Anyway... any advice would be much appreciated, as usual. Thank you.


----------



## Latinking (Nov 29, 2011)

I couldnt answer the poll, because it just out to come natural to want to be with your partner. I'm going through the same situation as you, but for me its only been a month. You said " I want to have sex all the time lately" Does that mean that He was trying to make an effort to be with you and you turned him down? I say that because I one day in laughing gesture told my wife, the reason we havent had sex is because you just turn me down. Then we both laugh, I laughed covering up the fact that it was really affecting me. Didnt wanna show my true feelings. and I also wasnt looking for an argument. I too feel as Cheating is not the answer, it just might make things worst for you. I guess I am just as confused as you, but wish you the best of luck on this issue. God Bless.


----------



## imhereforadvice (Apr 11, 2011)

Latinking, let me start off by saying thank you so much for your response. When I say that we haven't had sex in months means that neither of us have really tried to initiate anything. The last few times (or hundred times for that matter) I have been the one to initiate it. I hate it. It used to be a turn-on for me to sit on his lap and take my shirt off, or say some kinky joke to highten the mood. Now I just feel like it's required or something. Like I have to be the one to put on some outfit and walk in front of the damn TV to get his attention. Last summer I lost a bunch of weight and started dressing sexier - got no response. Now I'm still dressing nice, but I've been eating a lot more because of being depressed. Going to try and change that. But to be bluntly honest, I don't know that I've ever turned him down for sex, because I can't think of an instance in which he's wanted to (on his own, not from a guilt trip from me) and I've said no. Ever. 

In the beginning of our marriage we had sex weekly, but that was years ago, and I think it only lasted the first year or two, as most relationships tend to be the most "hot and heavy" at that time. I don't know. I used to think it was because he works so much, but when I see him spending his free time doing physically challenging activities, like basketball, I realize that that isn't the problem. I was sitting here wanting attention long before he signed up to play sports, so why didn't he want me then?

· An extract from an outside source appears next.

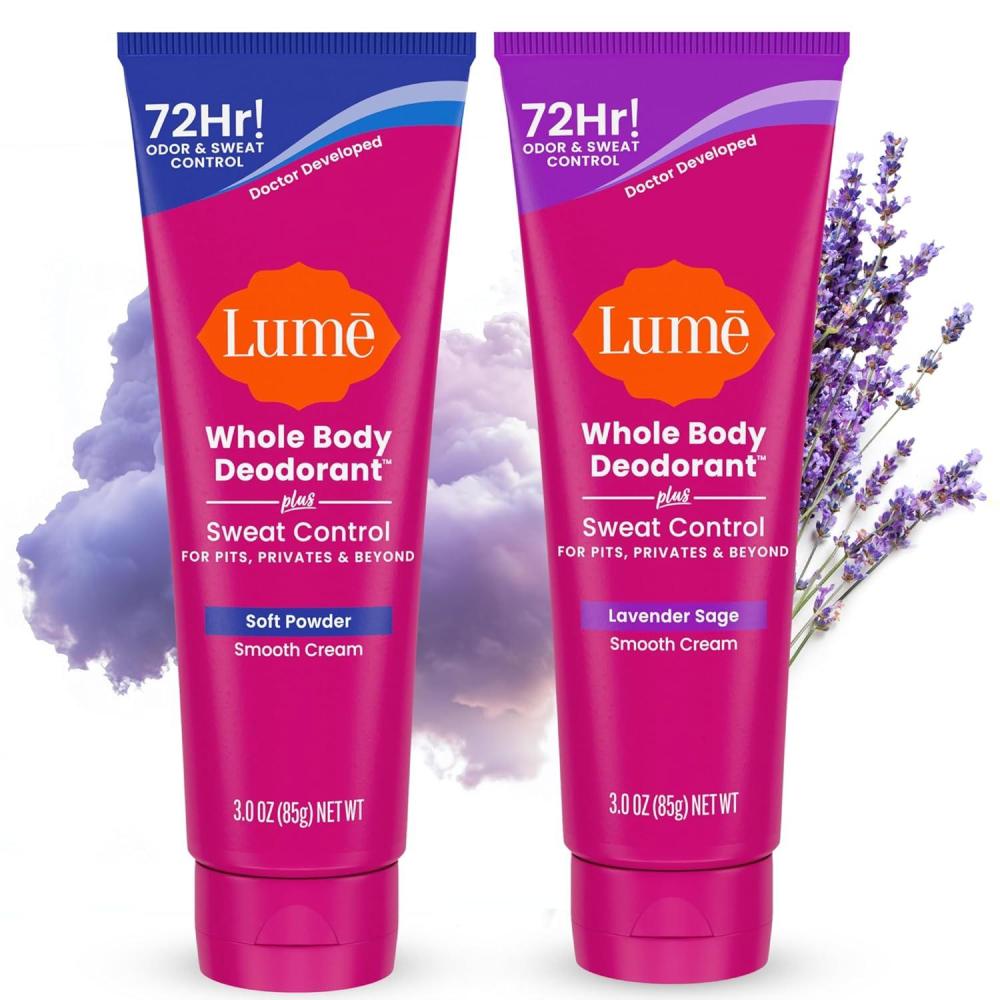 imageLume Whole Body Deodorant Plus Sweat Control  Smooth Cream Tube  72 Hour Odor And Sweat Control  Baking Soda Free Skin Loving  30 ounce Pack of 2 Soft PowderSoft Powder  Lavender Sage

He's playing sports less now, in fact not at all, so I thought things would change, but they haven't. 

Synthetic, thank you for the advice. I will look into that book. In the meanwhile I am reading a book called The Manipulative Man, and it really is hitting home. It describes all different styles of ways that men use manipulation to get what they want. My husband would be described as "The Workaholic" and "The Narcissist" combined. If the fact that my husband is narcissistic to some degree has anything to do with the fact that HE won't initiate sex, than this book is telling me that that will never change, and he will be incapable of loving me the way that I want him to. These self help books can really be helpful, but damn can they be trouble!  I would quote a few lines about narcissisim from the book, but I'd have to quote the entire chapter to describe my husband. It definitely was an eye-opener for me. I know he is somewhat selfish, self centered, egotistical, arrogant - but for some ODD reason the term narcissistic never came to mind. After reading into it, especially in a martial sense, it really does make sense. It just confuses me because he can also be so loving, selfless, thoughtful, and giving. So geez, who knows?!?!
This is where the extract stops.